** WORK ORDER **
Transcribe exactly, and without pictures, only the lines from the one bearing "Những hình ảnh" through the final line of the data below.

** SUPPLIED MATERIAL **
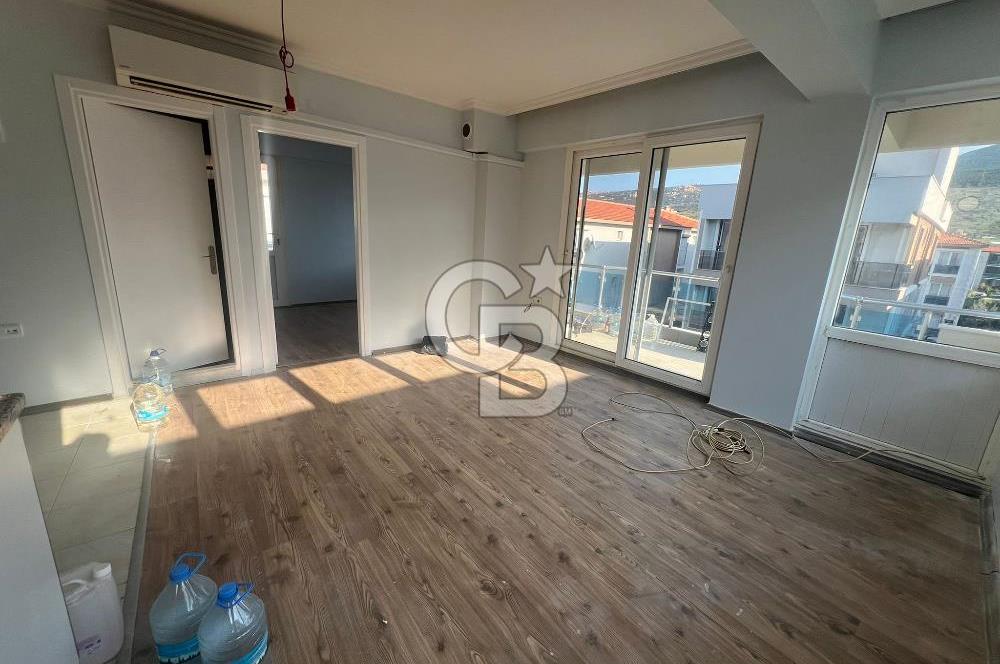 Yenifoça Mustafa Kemal Atatürk Mah. Kiralık 2+1 Daire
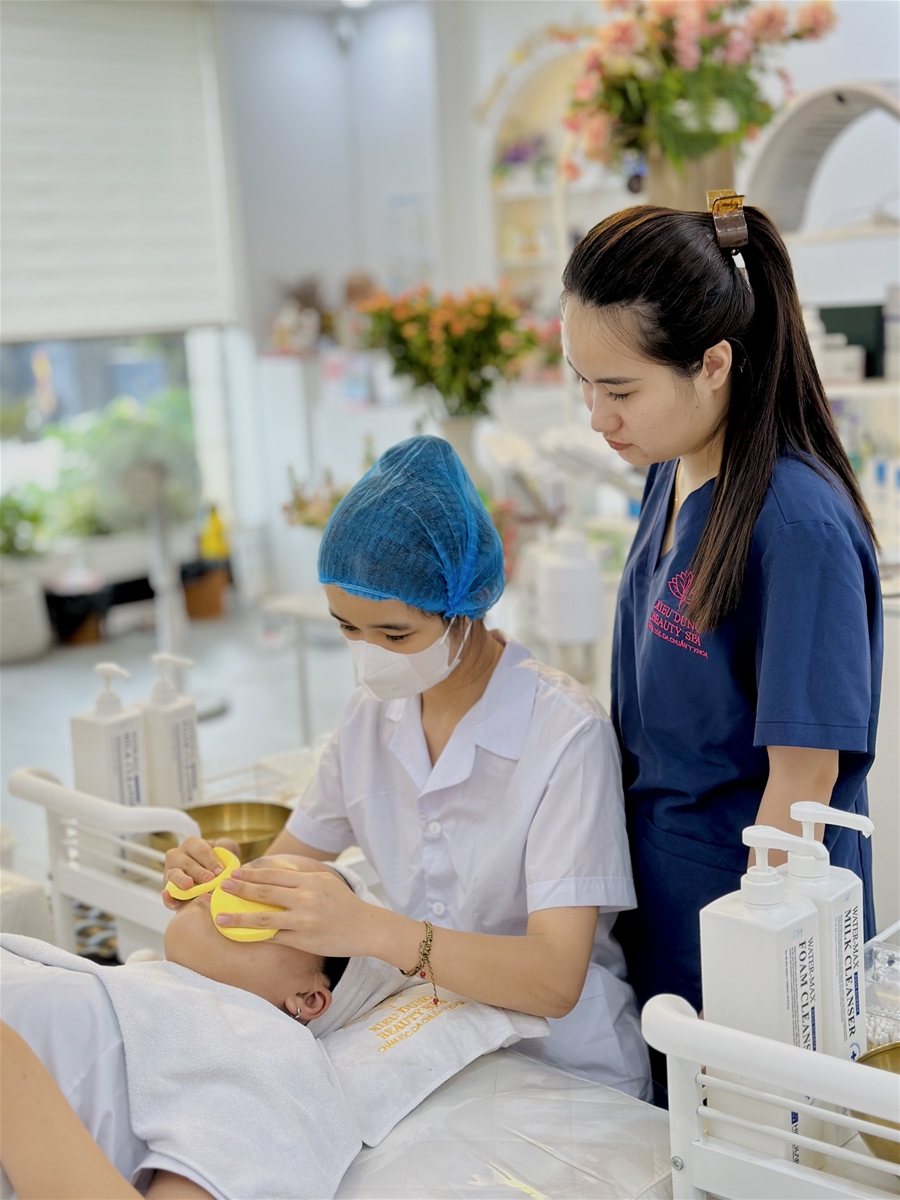 Những hình ảnh đẹp của các bạn Học viên ngành: Chăm sóc sắc đẹp - Khóa: 2023 - 2025 của Trường Trung Cấp Việt - Nhật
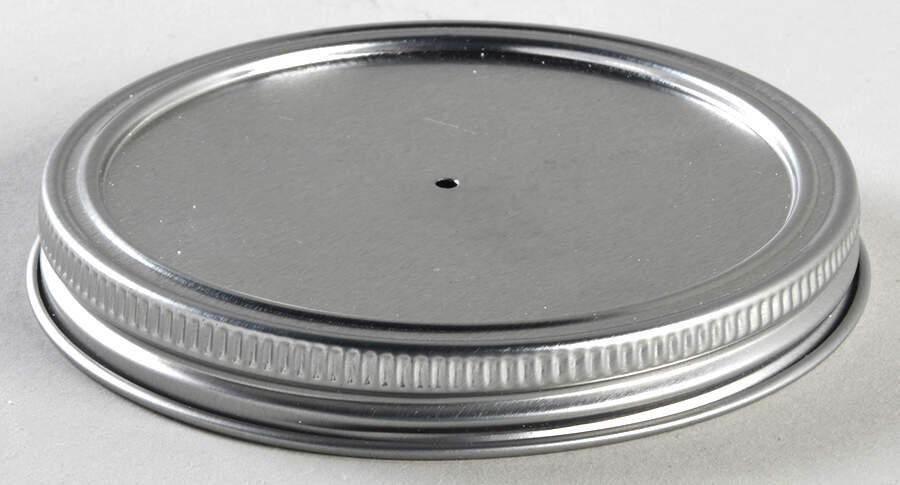Winterberry Lid for Beverage Dispenser by Pfaltzgraff-1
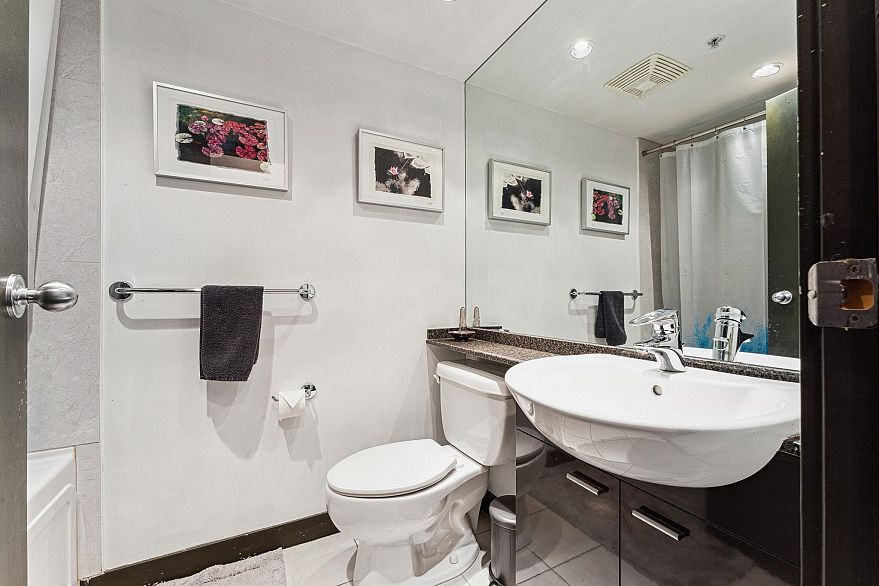 2201 1408 Strathmore Mews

** EXERCISE OUTPUT **
 Những hình ảnh đẹp của các bạn Học viên ngành: Chăm sóc sắc đẹp - Khóa: 2023 - 2025 của Trường Trung Cấp Việt - Nhật
Winterberry Lid for Beverage Dispenser by Pfaltzgraff-1
 2201 1408 Strathmore Mews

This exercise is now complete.